In a written statement, the law firm defendants said the allegations don’t deserve to even be characterized as meritless.  “We will defend it, of course, and we will win. There is no payday coming for Mr. Kassab, the lawyer who filed this lawsuit.  We categorically deny his lawsuit’s allegations which we consider pure fiction,” the defendants wrote in the statement.

They wrote that Bragg’s lawsuit is retaliation by his attorney, Lance Kassab, because AZA is working pro bono, defending the estate of a Houston attorney who was sued for barratry by Kassab.  Lance Kassab could not be reached for immediate comment, but his nephew, David Kassab, who works with his uncle at Kassab Law Firm, said he is not surprised the defendants would say that.

“It’s absolutely ludicrous. We are happy to represent Mr. Bragg in his lawsuit against AZA because of the conduct as alleged in the petition,” David Kassab said.  In their statement, the law firm defendants also said that if Michael Cohen, President Trump’s former lawyer, still had a law license, “even he would have refused to take this case.”

‘Questionable’ Billing

As alleged in Bragg v. Zavitsanos, Bragg hired AZA shortly after Vantage Drilling International, a successor to Vantage Drilling, fired him on March 21, 2016, and Anaipakos and Ahmad were the main lawyers at AZA representing him.  “After reviewing the employment agreement, both lawyers told Bragg he had a ‘slam dunk’ case and that Vantage would be held responsible for severance pay, MIP [management incentive plan] awards, legal fees and expenses,” Bragg alleges in the petition.

Bragg alleges Vantage offered him severance, excluding the MIP, when he was terminated, but he declined the offer.
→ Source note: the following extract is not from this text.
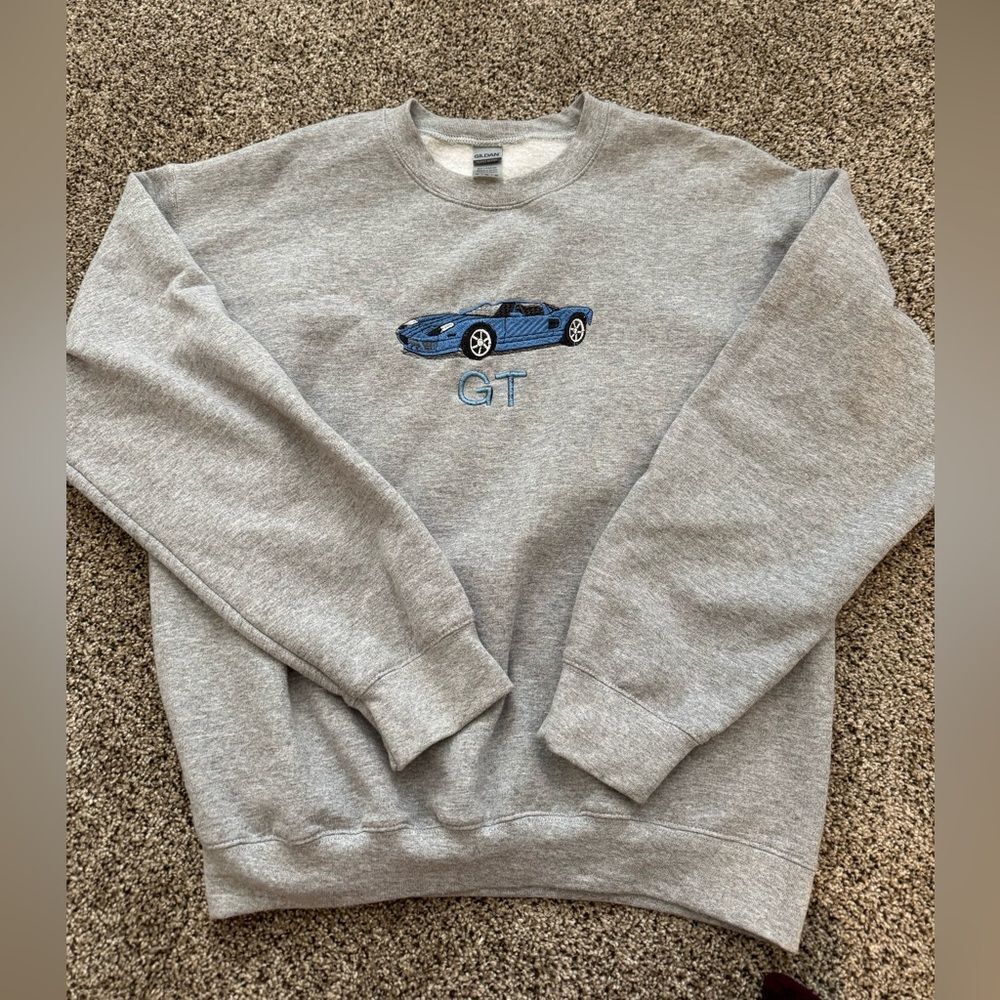 Gray Crewneck Sweater with Blue Car‎ Design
He also alleges that on the advice of AZA counsel, he declined a similar offer during mediation in September 2016 and also one just prior to an arbitration in July 2017.  “Importantly, each time the offer was made, AZA counsel reacted with disdain to the offer and held firm that Bragg would prevail on the MIP award,” Bragg alleges in the petition.

Bragg claims that on the third day of the arbitration, his AZA lawyers were “suddenly very negative about the likelihood of prevailing on the MIP award,” and they encouraged him to accept the Vantage offer on the table, to which he “reluctantly agreed.”  Bragg alleged that his employment agreement required Vantage to pay him up to $300,000 in legal fees for any dispute with the company, but it paid only $108,000 because that is all AZA had invoiced prior to the time of settlement.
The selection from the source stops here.